Memorial Day 数十万台のバイクで埋まるワシントン

Rolling Thunder

5月30日(月)はMemorial Day:戦没者追悼記念日。もとは南北戦争戦没者を追悼する日として制定された国民の祝日ですが、今は戦争の犠牲になった軍人すべてを追悼する日。5月の最終月曜日なので、いつも3連休になります。

ワシントンはこの連休、全米から集まる大型バイクで埋まります。Rolling Thunderという団体が組織するVeterans(退役軍人)が大型バイクで首都に集結、アーリントン墓地から首都の中心までを”デモ”します。(「パレード」ではなくて「デモンストレーション(デモ)」だと主催者は主張している)

数日前からワシントン周辺のホテルの駐車場には、ハーレーとかBMWとかドゥカティとか高級大型バイクが並び、革ジャンや革ベストに星条旗のバンダナという、(アメリカ人らしく)どっしりした体格のおじさんたちがうろうろし始める。

アメリカでバイクは大人&金持ちの道楽。Memorial Dayの名を借りて、同好の仲間が集まる機会だくらいに思っていたら(実際、私が話をした若いアメリカ人の多くがそう思っていた)、恒例のこの行事にはもっと深い意味があることが分かってきた。

1987年のこと、ニュージャージーで二人の退役軍人が出会い、ベトナム戦争から帰還後に悲惨な戦争体験の後遺症に苦しむ人が大勢いるのに政府も社会も放置しているのを嘆き、何かしようと話し合った。(この時点で、すでにベトナム戦争終結から12年後のこと。アメリカが組織的な北爆、Rolling Thunder作戦を始めた1965年からは22年も後のことだ)

たまたま二人ともバイク好きだったので、次のMemorial Dayにワシントンに”デモ”を仕掛けて「自分たちの声を社会に届けよう」ということになり、全米の同好の士を募ったところ、1988年のMemorial Dayに2500人がバイクで集まった。これが始まり。

数千台のバイクが立てる轟音が1965年の北爆、ローリングサンダー作戦を思い起こさせることから、この名前を団体名とイベント名に使うようになった。第23回目の今年は、主催者の推定で、参加者と観客合わせて90万人。別のニュース報道では参加者40万人と言われている。

40万台のバイクに埋まるアメリカの首都、ちょっと壮観です。
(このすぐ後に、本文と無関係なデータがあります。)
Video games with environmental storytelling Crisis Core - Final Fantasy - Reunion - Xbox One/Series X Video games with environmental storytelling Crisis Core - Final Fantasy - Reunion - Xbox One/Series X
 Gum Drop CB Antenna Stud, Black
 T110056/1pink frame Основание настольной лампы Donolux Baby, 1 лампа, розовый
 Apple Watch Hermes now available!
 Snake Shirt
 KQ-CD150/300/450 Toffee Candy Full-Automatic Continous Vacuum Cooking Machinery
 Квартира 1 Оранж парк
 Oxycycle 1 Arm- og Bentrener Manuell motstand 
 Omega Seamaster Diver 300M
パレード、いや「デモ」の行われた日曜日は、参加者は正午までにペンタゴンの駐車場に集合。ペンタゴン国防総省)の駐車場は時々そばを通りますが、周囲数キロはありそうな広大なところです。ペンタゴンを出発後、アーリントン墓地を抜けてポトマック川を渡り、ワシントン中心のVietnam War Memorialまで”デモ”をするのが公式日程。

朝、散歩にでると、あちこちでバイクの轟音が響き渡っていた。家の近く、ワシントン中心部に通じるハイウエイを見下ろせるところで、何組もの老カップルやお年寄りグループが、ハイウエイを走ってくるバイク集団に手を振っていた。ライダーたちも気づくと手を挙げたり、警笛を鳴らして答えていく。私たちは5分くらい見ていましたが、その間に20台、30台という集団で通過していくライダーグループを十数回は見た。40万人が集結というのは、ウソでもなさそうだと思った。
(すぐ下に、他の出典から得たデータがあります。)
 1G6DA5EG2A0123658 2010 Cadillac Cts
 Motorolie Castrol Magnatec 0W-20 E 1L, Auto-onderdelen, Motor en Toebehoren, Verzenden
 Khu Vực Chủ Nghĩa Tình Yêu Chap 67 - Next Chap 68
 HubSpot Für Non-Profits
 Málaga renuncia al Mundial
今年でベトナム戦争終結からは35年、ローリングサンダー作戦からは45年が経っているのに、このイベントは年々に参加者が増えているらしい。アメリカが現在もイランやアフガニスタンで戦争をしていて、それが「ベトナム化」していることも人を引きつける要因かもしれない。
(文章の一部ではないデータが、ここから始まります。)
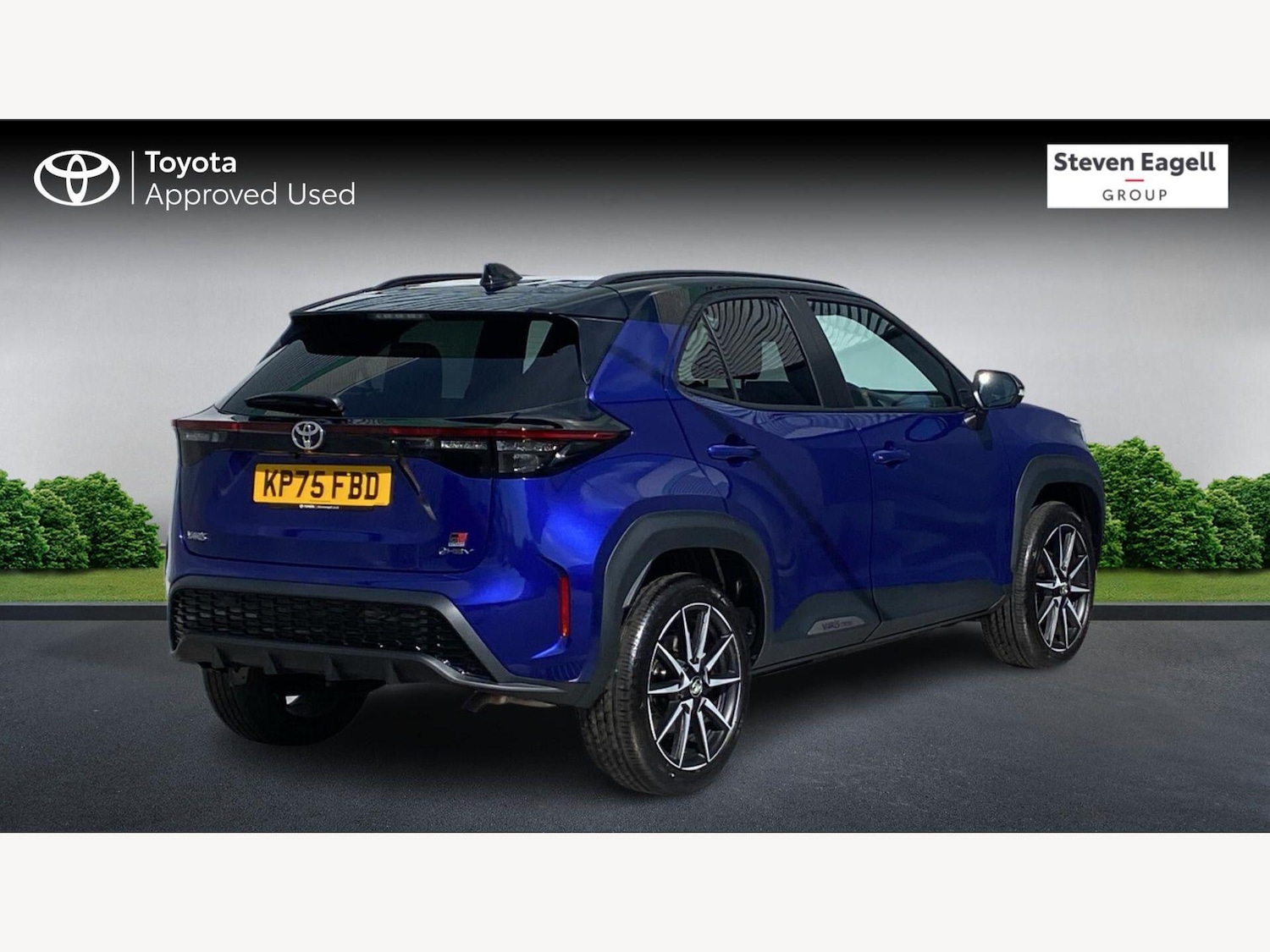 Used Toyota Yaris Cross for sale - 78215000: Photo 2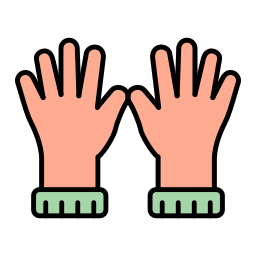 handschuhe icon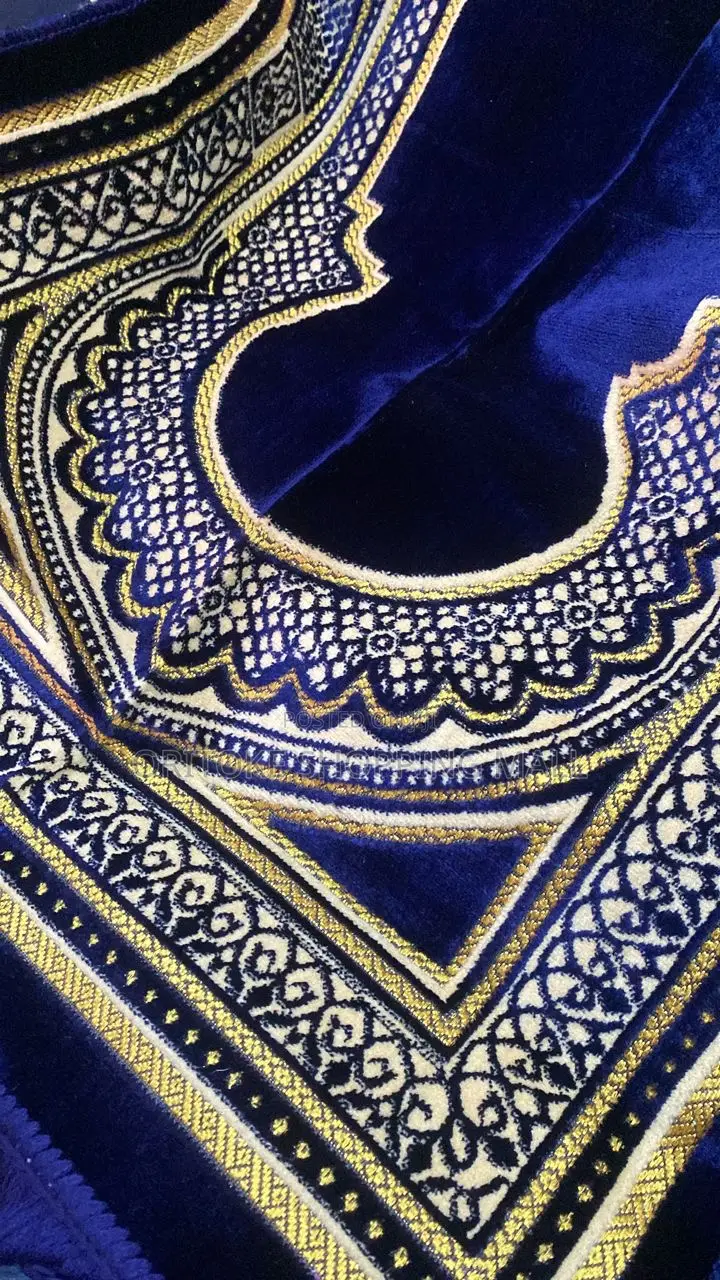Original Muslim Prayer Mat
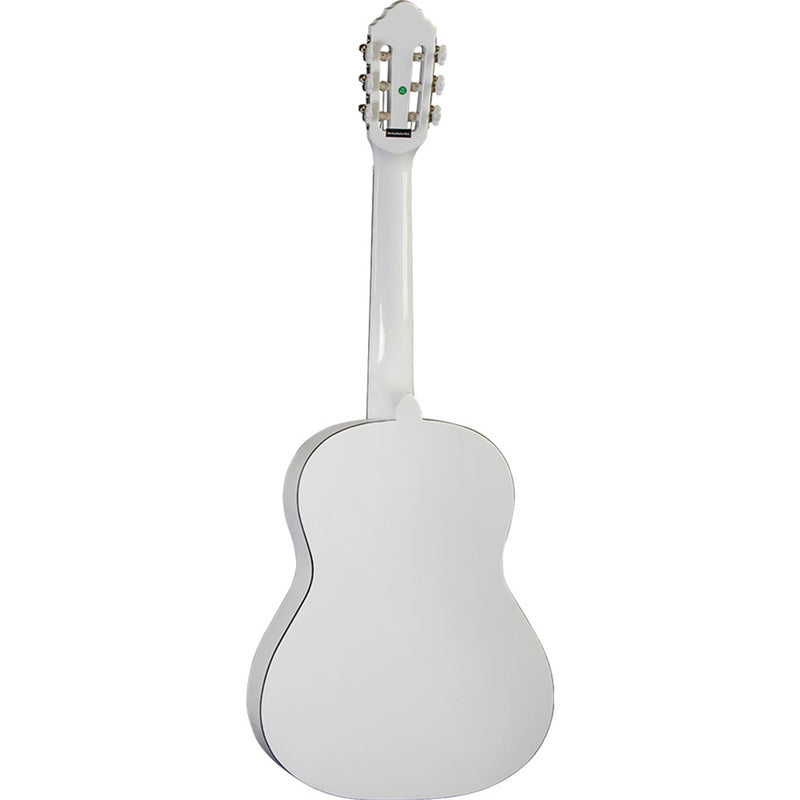 Eko CS-5 White Chitarra Classica misura ridotta 3/4 x bambini Bianco + Borsa T.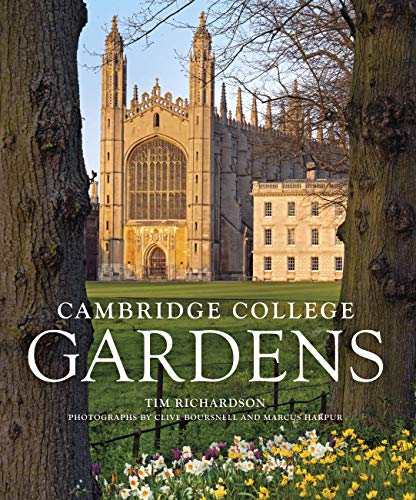 Stock image for Cambridge College Gardens for sale by TextbookRush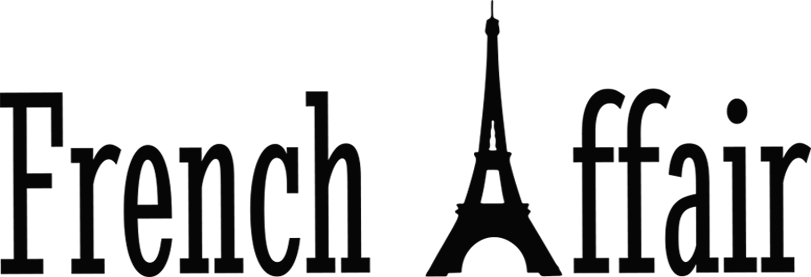 French Tower Designer Logo - French Affair Logo - Tyon Weekes - Graphic Designer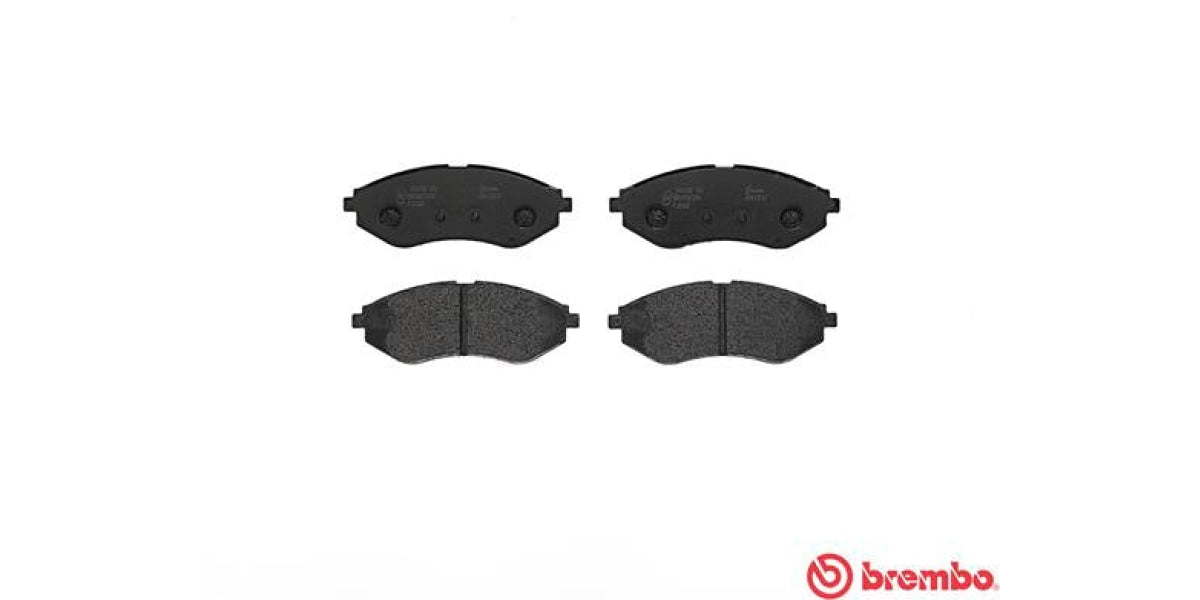 Brake Pads Front Set (Brembo) (P24048)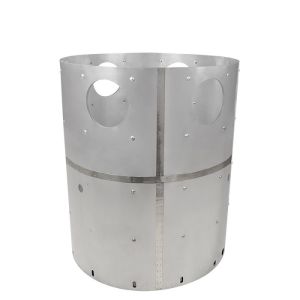 Cheap 24&quot;x 100&quot; Mo1 Molybdenum Plate Molybdenum Insulation Screen For Sapphire Growth for sale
主催者の参加要領を読むと、戦争を経験した退役軍人である必要はなく、誰でも参加できるとあるが、ライダーたちを見ていると、多くが「お年寄り」と呼べる年代の人たち。年を重ね、現在は悠々自適の引退生活をしている人たちに見える。それでも、若いときの戦争で負った心の傷を、年に一度集まって連帯することで正気を保ちながら生きてきたのかもしれない。今年のRolling Thunderのテーマは「Ride for Freedom」。

国民の大半が「戦争を知らない世代」の日本人には、理解が難しいアメリカ社会の複雑さの一端を、垣間見たような気がしたMemorial Dayでした。